> **Exercise brief**: Write out all the data verbatim. Skip images.

> **Supplied material**:
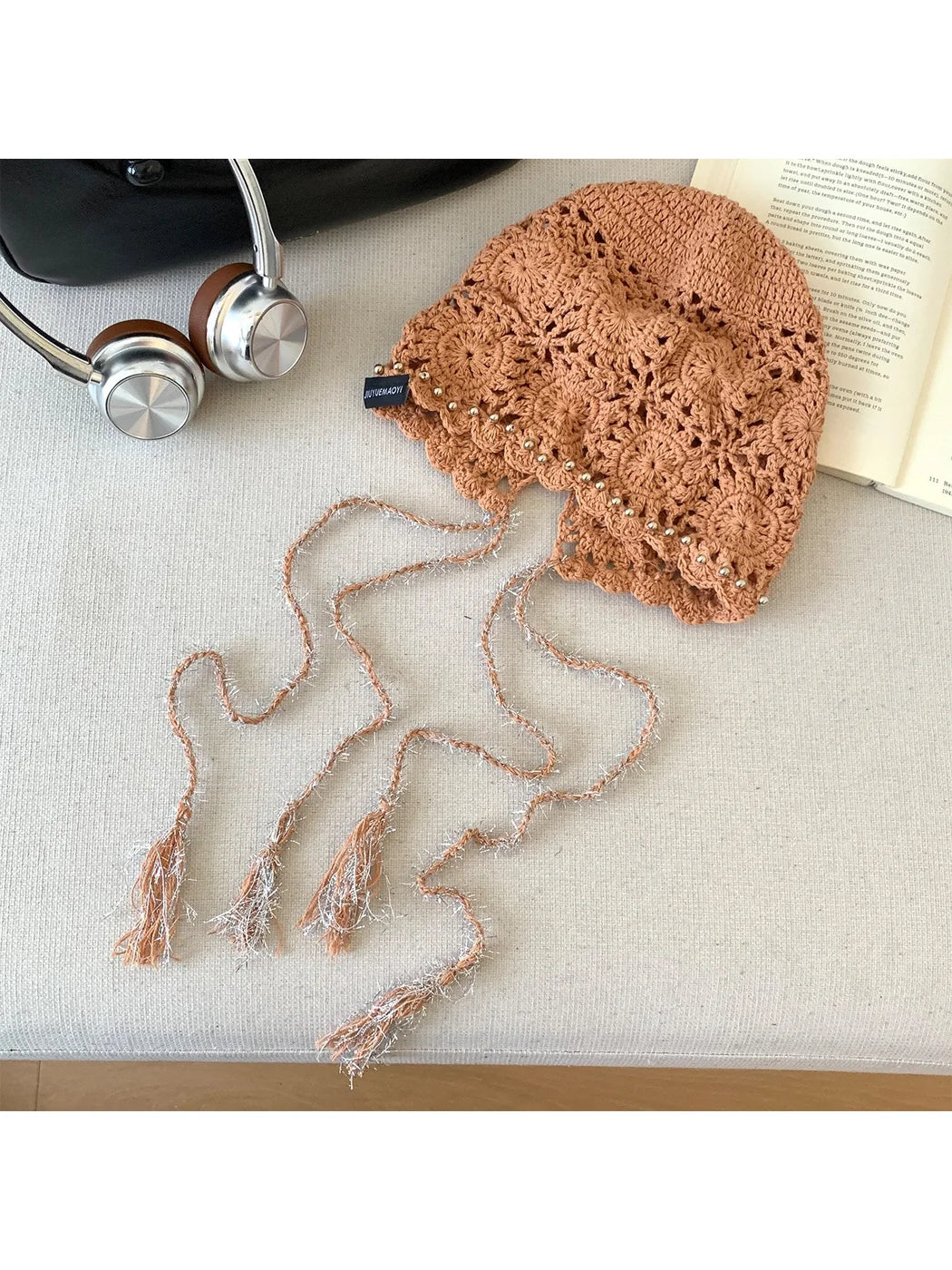 Haila - Openwork Crochet Bonnet with Beaded Trim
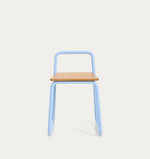 TINN ash veneer chair with a blue metal structure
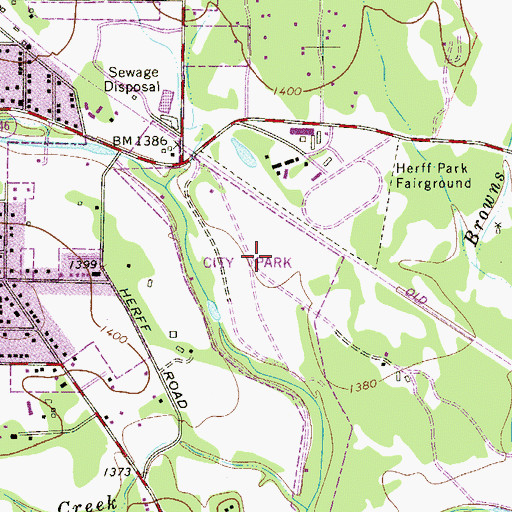 Topographic Map of Boerne City Park, TX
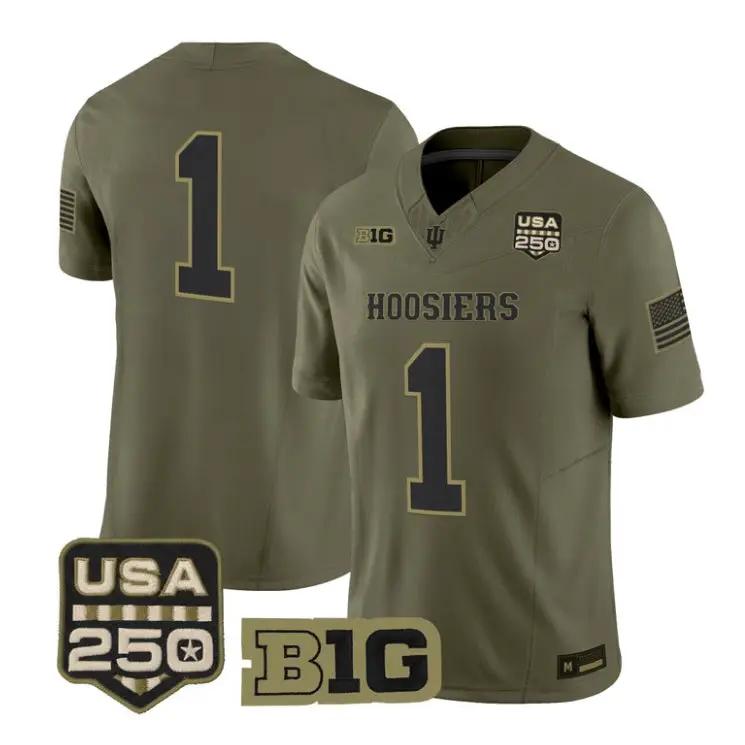 Team Jersey #1 Indiana Hoosiers 2026 Salute to Service Limited Stitched Olive by My Store NCAA Football Jerseys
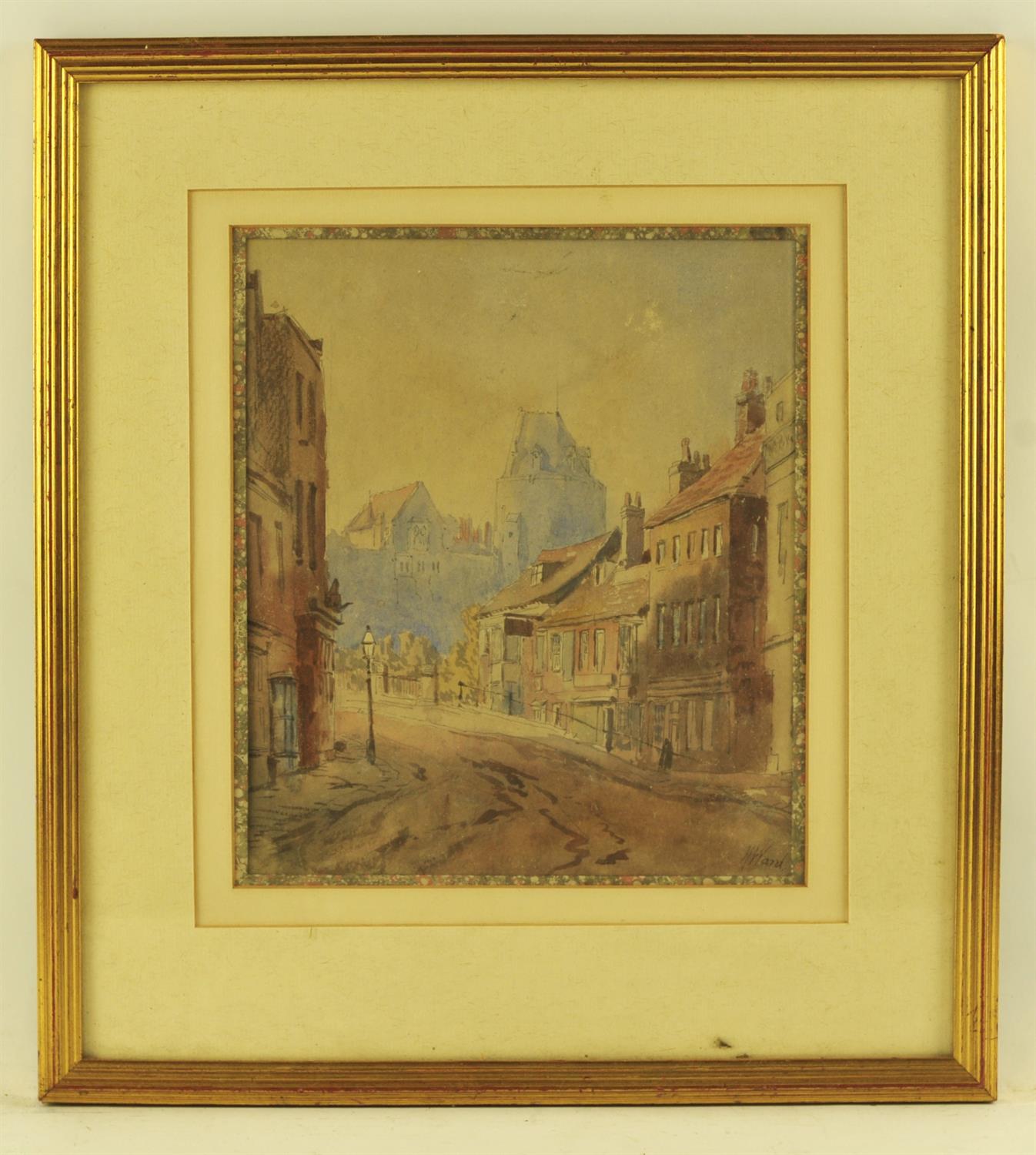 H Ward (19th century), Windsor Street Scene, the Castle beyond, watercolour, signed lower right.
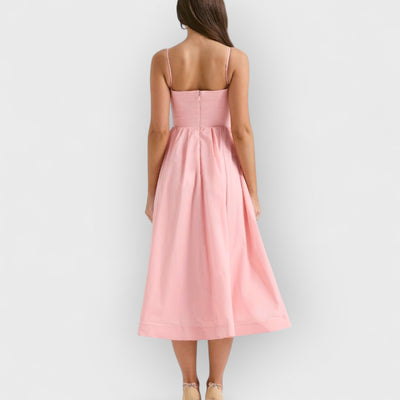 Rose Pink Cotton Corset Sundress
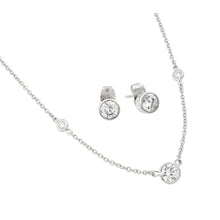 Load image into Gallery viewer, Sterling Silver Rhodium Plated Clear Individual CZ Stud Earring and Chain Necklace Set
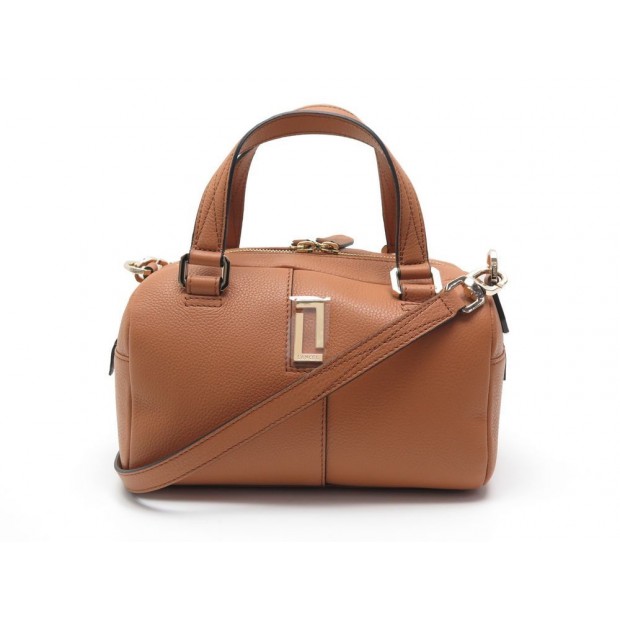 NEUF SAC A MAIN LANCEL LOLA NANO BOWLING EN CUIR GRAINE CAMEL BANDOULIERE 475€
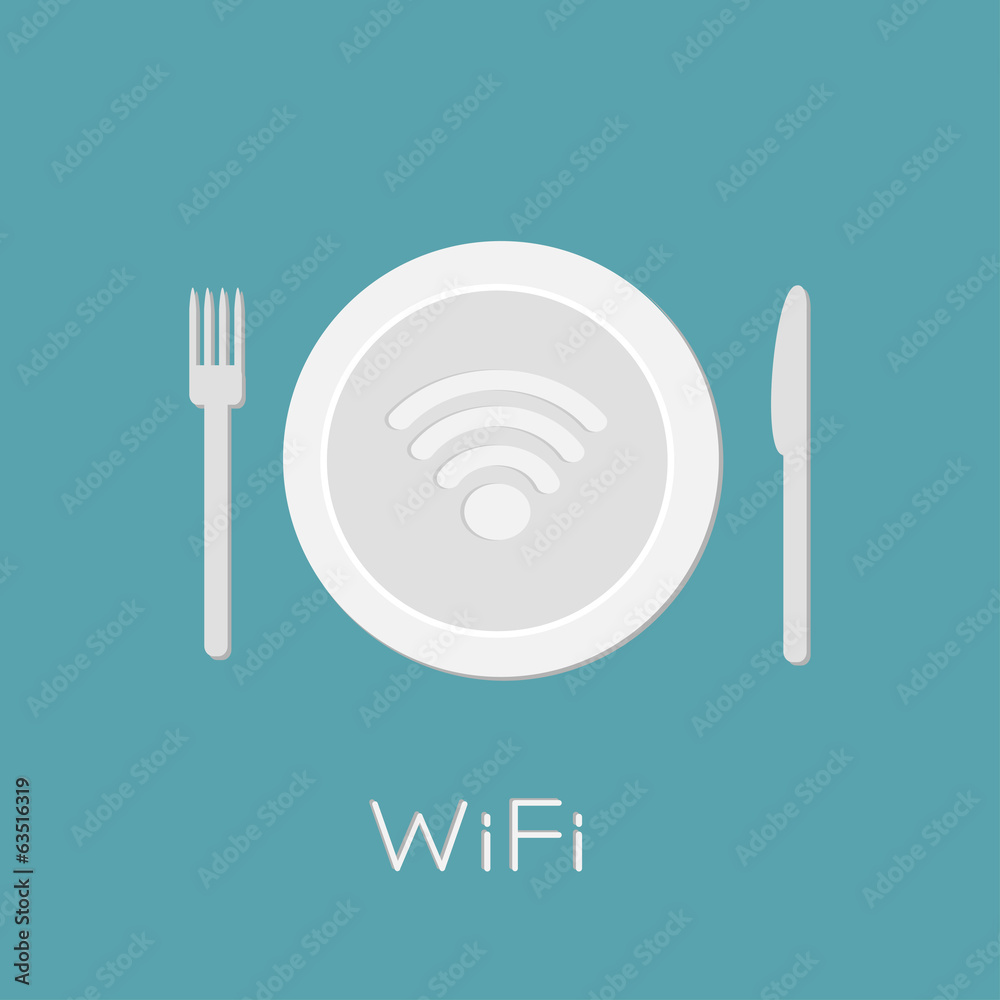 Plate with Wireless Network wifi icon inside. Knife and fork. Plate with Wireless Network wifi icon inside. Knife and fork.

> **Task solution**:
 Haila - Openwork Crochet Bonnet with Beaded Trim
 TINN ash veneer chair with a blue metal structure
 Topographic Map of Boerne City Park, TX
 Team Jersey #1 Indiana Hoosiers 2026 Salute to Service Limited Stitched Olive by My Store NCAA Football Jerseys
 H Ward (19th century), Windsor Street Scene, the Castle beyond, watercolour, signed lower right.
 Rose Pink Cotton Corset Sundress
 Load image into Gallery viewer, Sterling Silver Rhodium Plated Clear Individual CZ Stud Earring and Chain Necklace Set
 NEUF SAC A MAIN LANCEL LOLA NANO BOWLING EN CUIR GRAINE CAMEL BANDOULIERE 475€
 Plate with Wireless Network wifi icon inside. Knife and fork. Plate with Wireless Network wifi icon inside. Knife and fork.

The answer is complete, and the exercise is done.